1. Source your ingredients from low-wage developing countries and then assemble or produce your products domestically, and claim Made in Canada on your label. Legislation has only just changed and there’s lots of confusion so you’ll be able to get away with it. FACT: Until July 1, 2010 (with a grace period until Jan 1, 2011) labeling guidelines allowed labels to say Made in Canada if at least 51% of the components were sourced from Canada.
2. List the food miles on your ‘locally-produced’ food products, however source the food from highly mechanized agricultural operations that have a large carbon footprint but a very low (for the time being) cost. FACT: In America, up to 12% of our total fossil fuel use is linked to the food system and more than 35% of our total greenhouse gas emissions are linked to our food system. And yet, on average 85% of the carbon footprint of our food comes from production, and about 15% from transport. So “food miles” does not tell the whole story. Ode Mag article here.
3. Launch a domestic store chain and stock it with cheap, imported goods. Consumers tend to support domestically-owned retailers as they believe the profits are staying within the country, eg. Tim Horton’s Canadian Tire, Loblaws Companies, and Giant Tiger. Who knows if this is true.

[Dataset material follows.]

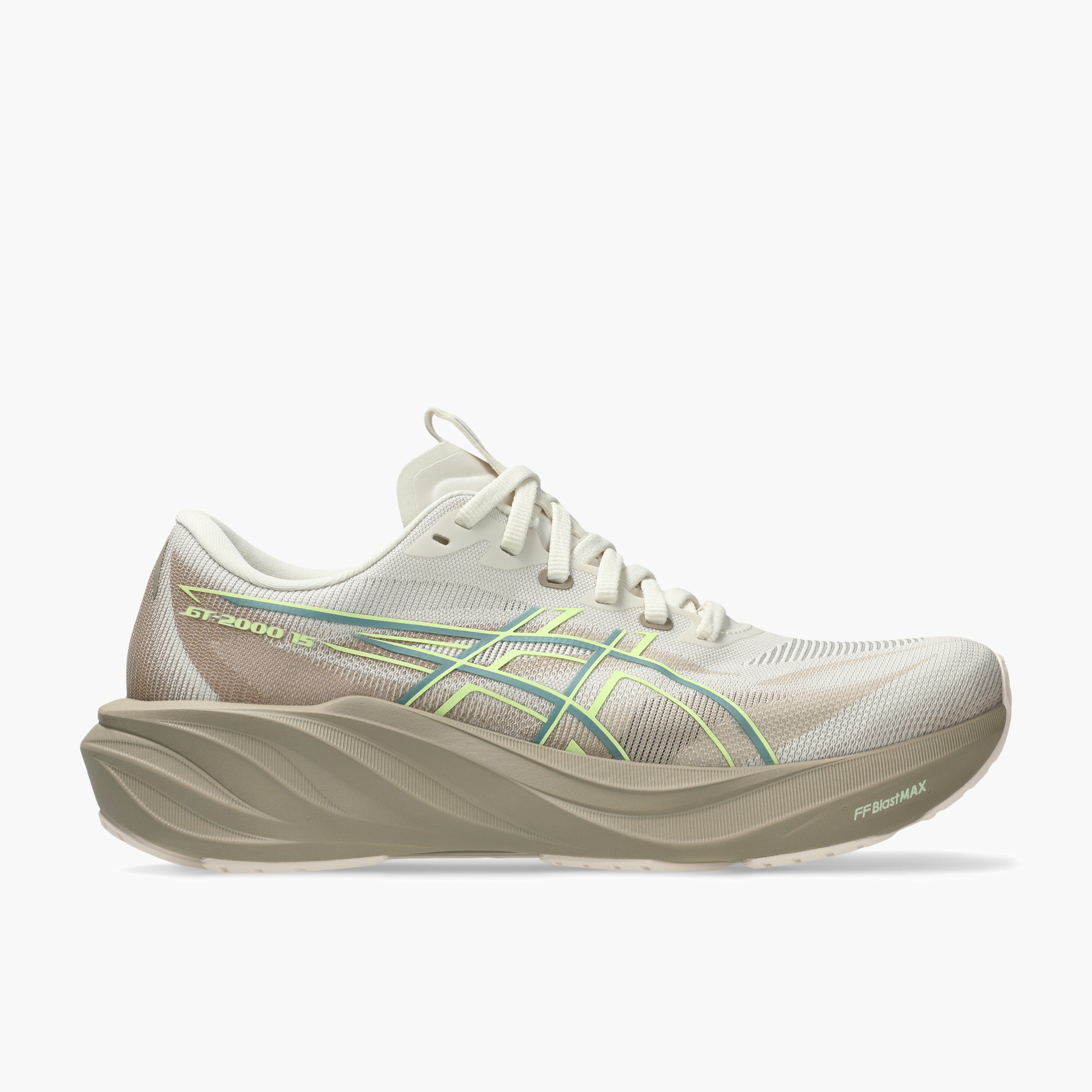 Lateral angle shot of Women's GT-2000 15 in Birch / Greige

4. Build a new brand with a local marketing proposition or, reposition an existing brand as local, in order to capitalize on the ‘buy local’ trend. Locavores will love it! PS. It’s called local-washing. Follow Starbuck’s example if you need help on how to do this.
5. Spin everyday business practices to present your business as having green practices, eg. cite your cost reductions as resource conservation and put lovely nature imagery on your packaging regardless of whether your products are safe for the environment. This way you can join the thousands of other businesses successfully green-washing their products.